2022年10月20日公開
2022年のドラフト会議、埼玉西武ライオンズが単独1位指名をしたのは渡辺久信GMが公言していた通り蛭間拓哉外野手(早稲田大)だった。2022年のドラフト会議では9球団が1位指名選手が事前予告するという珍しい状況になったわけだが、ライオンズも公言したことが奏功し、この非常に魅力的な選手を単独指名することができた。
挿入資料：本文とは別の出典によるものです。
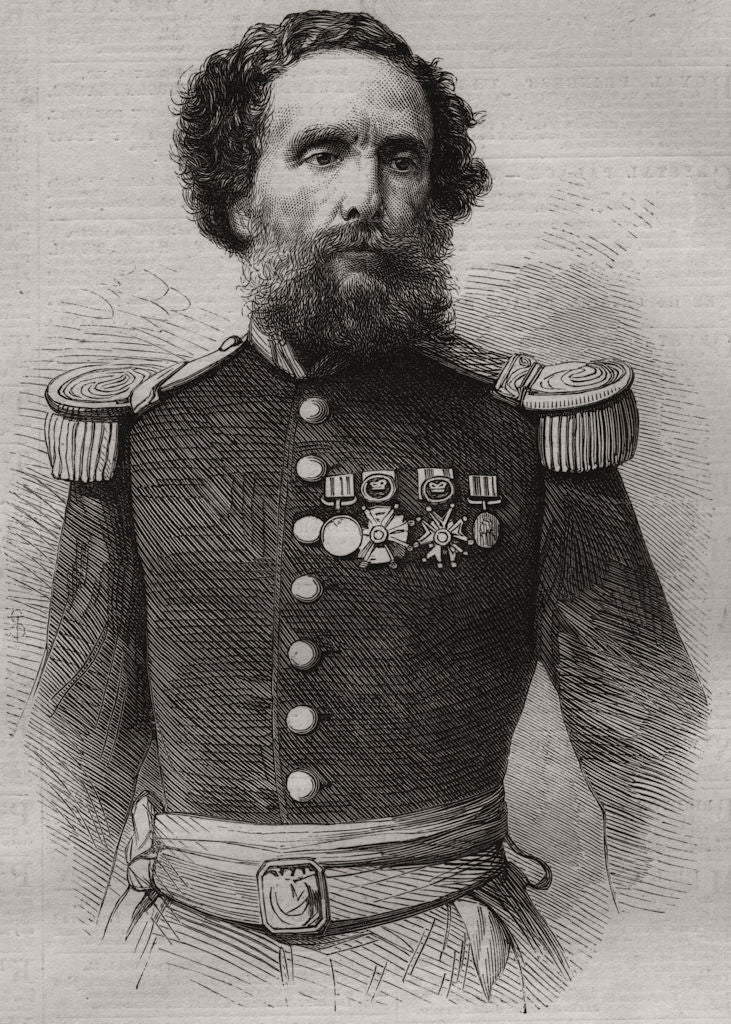 General Pezet, President of Peru 1868 old antique vintage print picture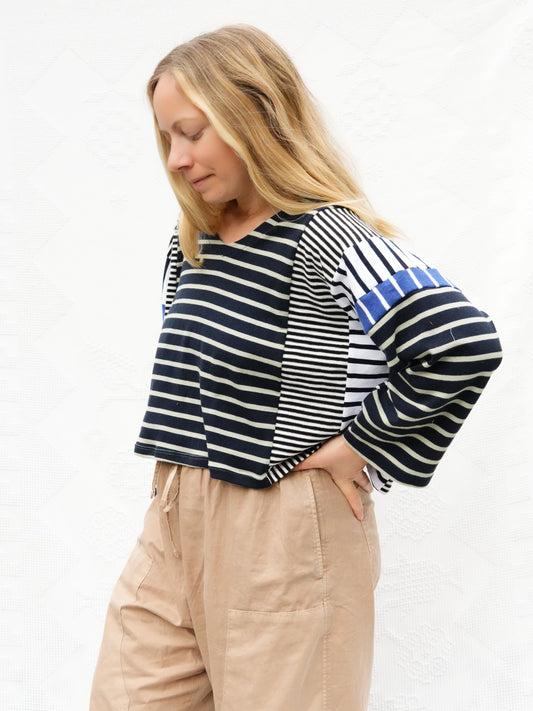 Mixed Stripe Crop Sailor Tee #7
しかも西武球団が野手を1位指名したのは2020年の渡部健人内野手、2013年の森友哉捕手以来で、その前の野手の1位指名は2005年の炭谷銀仁朗捕手まで遡らなければならない。そしてそれ以前の捕手以外での野手の1位指名となると、2002年に自由獲得枠で入団した後藤武敏内野手まで遡ることになる。つまり2000年台に入ってからのライオンズは、それだけピッチングスタッフに苦労していたということだ。
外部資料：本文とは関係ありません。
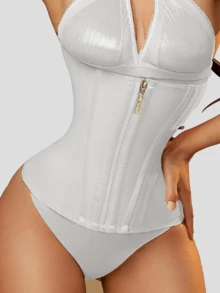 1 pieza Cinturilla Moldeadora con Cremallera Frontal, Shapewear para Mujer, Moldeador Corporal de Alta Compresión - Blanco - Ver 3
だが今季は投手陣をリーグトップという水準まで整備できたこともあり、1位指名は蛭間拓哉外野手で、2位指名も古川雄大外野手(佐伯鶴城高)となり、近年なかなかレギュラーを固定できずにいる外野陣を積極的に指名する結果となった。渡辺久信GMはチームのウィークポイントを徹底してドラフト指名してくる傾向があるため、1位2位指名が共に外野手というのは非常に珍しいわけだが、しかしこの指名自体は不思議ではなかったと思う。
ちなみに蛭間選手は12球団ジュニアトーナメントのライオンズジュニア出身の選手で、蛭間選手自身最も行きたい球団としてライオンズを挙げていた。つまりこの指名は相思相愛だったというわけだ。
話を少し戻すと、今年のドラフト会議では9球団が1位指名選手を事前予告したわけだが、筆者はこのやり方はとても良いと思っている。日本の野球ファンはグラウンド外でのドラマも求めがちだが、しかしやる側からするとグラウンド外のドラマなどに巻き込まれたくはない。例えば清原和博選手や木村優太投手の例などはその典型だ。
巨人が1位指名するはずだった清原和博選手だが、しかし実際に巨人が指名したのは同じPL学園の桑田真澄投手だった。ここでドラマがまず生まれ、そして1987年の日本シリーズ第6戦、あと一死でライオンズの日本一が決まるという場面、自分を裏切った巨人を下しての日本一が目前となった時、清原選手は守備に就く一塁でハラハラと涙を流し始めた。
そして木村投手に関してはプロ入り前のゴタゴタにより、西武球団を含むプロ球団にプロ野球人生のスタートを挫かれてしまったという、望まぬドラマに巻き込まれてしまい、結局プロでは結果を残せずにドラフト1位指名ながらも短期間で戦力外通告を受けてしまった。
ドラフトは時としてこのようなドラマを生み出す。野球ファンとしてはもちろんこのようなドラマを求めているのだと思うが、しかし選手やその家族からすればこんなドラマは欲しくはない。そういう意味では今年のドラフト会議は選手たちに余計な精神的負担をかけない良いドラフト会議になったと筆者は感じている。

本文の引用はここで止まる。